▸ YOUR ASSIGNMENT
There are pictures in the records below; leave them out and set down exactly the lines from the one holding "Zwartgeblakerde voordeur na" through the one holding "Gebraucht Ford Fiesta".

▸ SUPPLIED RECORDS
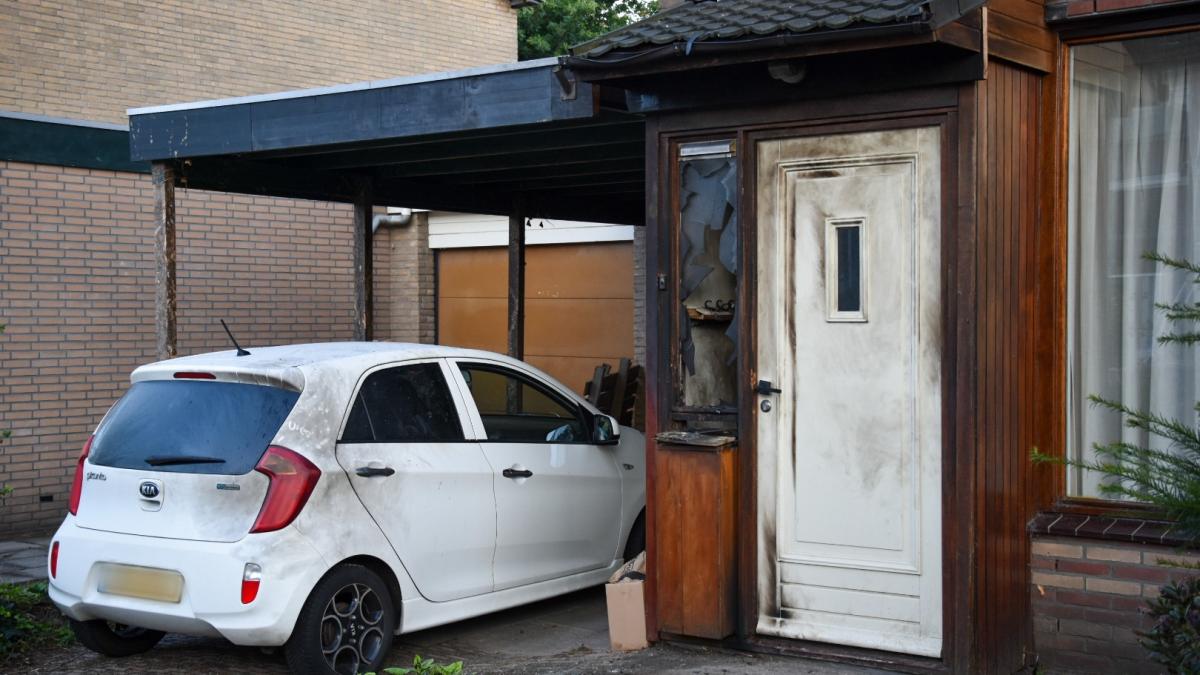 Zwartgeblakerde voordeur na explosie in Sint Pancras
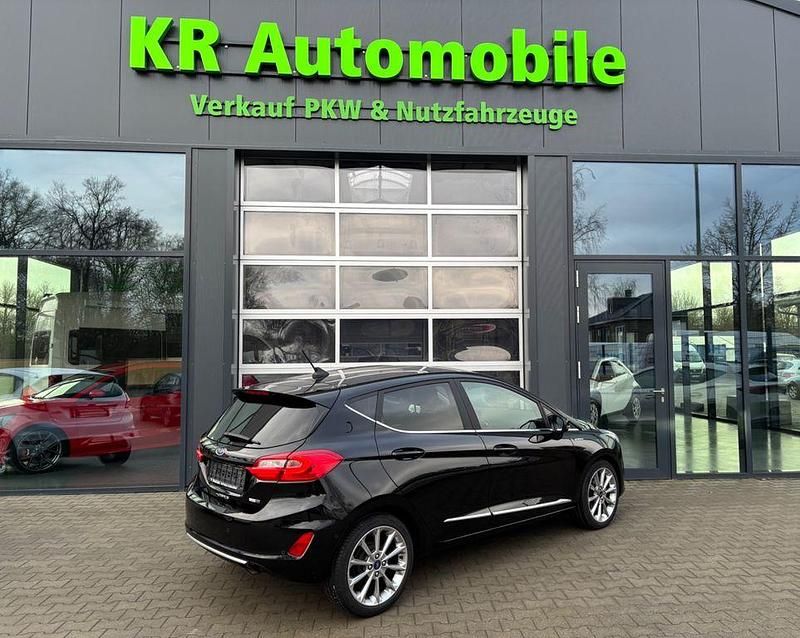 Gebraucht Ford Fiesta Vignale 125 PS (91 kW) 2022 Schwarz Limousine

* * *

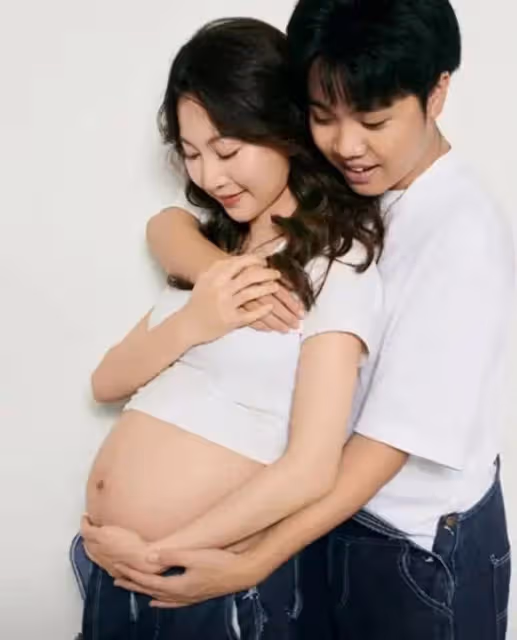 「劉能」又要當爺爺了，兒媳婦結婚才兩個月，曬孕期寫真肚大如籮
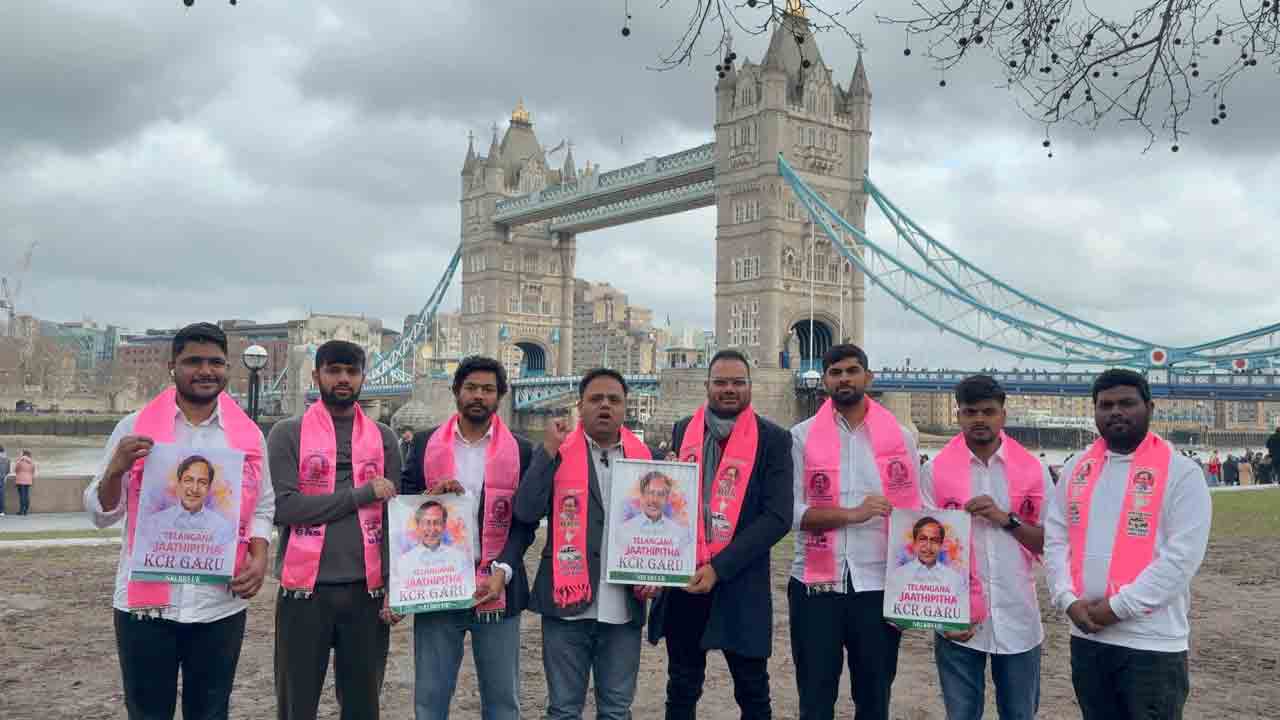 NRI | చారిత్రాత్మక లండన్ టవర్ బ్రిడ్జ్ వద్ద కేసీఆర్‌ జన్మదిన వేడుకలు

▸ OUTPUT OF THE EXERCISE
 Zwartgeblakerde voordeur na explosie in Sint Pancras
 Gebraucht Ford Fiesta Vignale 125 PS (91 kW) 2022 Schwarz Limousine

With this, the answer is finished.